Cutting government spending before we rebuild private
demand will throw the country and the world back into
recession. It will keep U.S. unemployment at
Depression-era levels. And it will result in larger,
not smaller, deficits.

Yet the contradictions don't register because people
have a deep-seated belief that the very inequality that
is crashing the system is essential to growth and
jobs--that by limiting inequality we are limiting our
ability to generate wealth.

To build momentum for a jobs- and wage-based recovery,
the labor movement has to tackle the belief in
inequality head on. It needs to show that the jobs
crisis can only be addressed by rebuilding and
rebalancing the national and global economies with
higher wages and greater equality.

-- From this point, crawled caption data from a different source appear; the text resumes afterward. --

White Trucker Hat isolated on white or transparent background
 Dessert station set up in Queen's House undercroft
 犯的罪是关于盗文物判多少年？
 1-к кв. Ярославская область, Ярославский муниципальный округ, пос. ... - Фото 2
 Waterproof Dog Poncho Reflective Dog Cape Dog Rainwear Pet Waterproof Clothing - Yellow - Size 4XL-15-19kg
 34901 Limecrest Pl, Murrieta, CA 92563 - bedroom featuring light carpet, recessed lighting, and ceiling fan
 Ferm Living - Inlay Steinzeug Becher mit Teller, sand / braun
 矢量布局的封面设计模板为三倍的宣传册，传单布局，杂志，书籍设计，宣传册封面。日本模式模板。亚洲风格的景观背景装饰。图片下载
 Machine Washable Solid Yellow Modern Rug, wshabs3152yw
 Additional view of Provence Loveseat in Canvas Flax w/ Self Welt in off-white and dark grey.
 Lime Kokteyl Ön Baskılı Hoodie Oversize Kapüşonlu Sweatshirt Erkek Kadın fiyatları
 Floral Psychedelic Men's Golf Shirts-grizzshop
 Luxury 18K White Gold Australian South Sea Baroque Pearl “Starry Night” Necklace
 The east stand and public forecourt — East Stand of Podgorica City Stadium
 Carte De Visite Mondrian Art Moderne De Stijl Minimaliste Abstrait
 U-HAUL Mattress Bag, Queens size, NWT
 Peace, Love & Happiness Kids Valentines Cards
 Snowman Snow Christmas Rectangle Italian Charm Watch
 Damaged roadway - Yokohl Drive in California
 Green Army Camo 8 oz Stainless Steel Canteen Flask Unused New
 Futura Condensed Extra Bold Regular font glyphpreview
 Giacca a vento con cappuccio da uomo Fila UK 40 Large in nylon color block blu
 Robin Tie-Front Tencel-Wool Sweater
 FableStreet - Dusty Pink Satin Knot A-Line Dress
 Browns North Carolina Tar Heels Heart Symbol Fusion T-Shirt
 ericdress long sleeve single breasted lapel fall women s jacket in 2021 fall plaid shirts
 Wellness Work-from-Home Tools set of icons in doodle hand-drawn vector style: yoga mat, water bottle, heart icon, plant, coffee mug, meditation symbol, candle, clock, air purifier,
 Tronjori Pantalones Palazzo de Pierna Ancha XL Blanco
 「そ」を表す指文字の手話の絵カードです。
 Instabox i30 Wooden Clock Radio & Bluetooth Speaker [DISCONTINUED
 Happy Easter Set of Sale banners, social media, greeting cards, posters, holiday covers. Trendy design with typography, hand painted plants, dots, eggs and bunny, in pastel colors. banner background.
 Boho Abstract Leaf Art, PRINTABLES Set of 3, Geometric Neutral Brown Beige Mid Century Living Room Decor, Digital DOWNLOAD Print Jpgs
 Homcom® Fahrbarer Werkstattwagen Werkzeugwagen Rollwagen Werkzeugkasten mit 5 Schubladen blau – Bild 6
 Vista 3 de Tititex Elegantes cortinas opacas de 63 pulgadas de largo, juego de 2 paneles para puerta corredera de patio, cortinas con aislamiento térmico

Rebuild and

A broad consensus is developing within the global labor
movement on how this rebuilding and rebalancing needs
to take place. There are three main goals:

Raise wages, raise demand. The most pressing economic
problem today isn't government debt or deficits. It's
the hole in demand left by 30 years of wage
suppression, and the danger of another period of
bubble-fueled growth. To be sustainable, demand has to
be based on wages, not on household debt. Inequality
isn't just painful for workers. It's destabilizing for
the global economy. Correcting inequality isn't a
matter of charity. It's a matter of economic survival.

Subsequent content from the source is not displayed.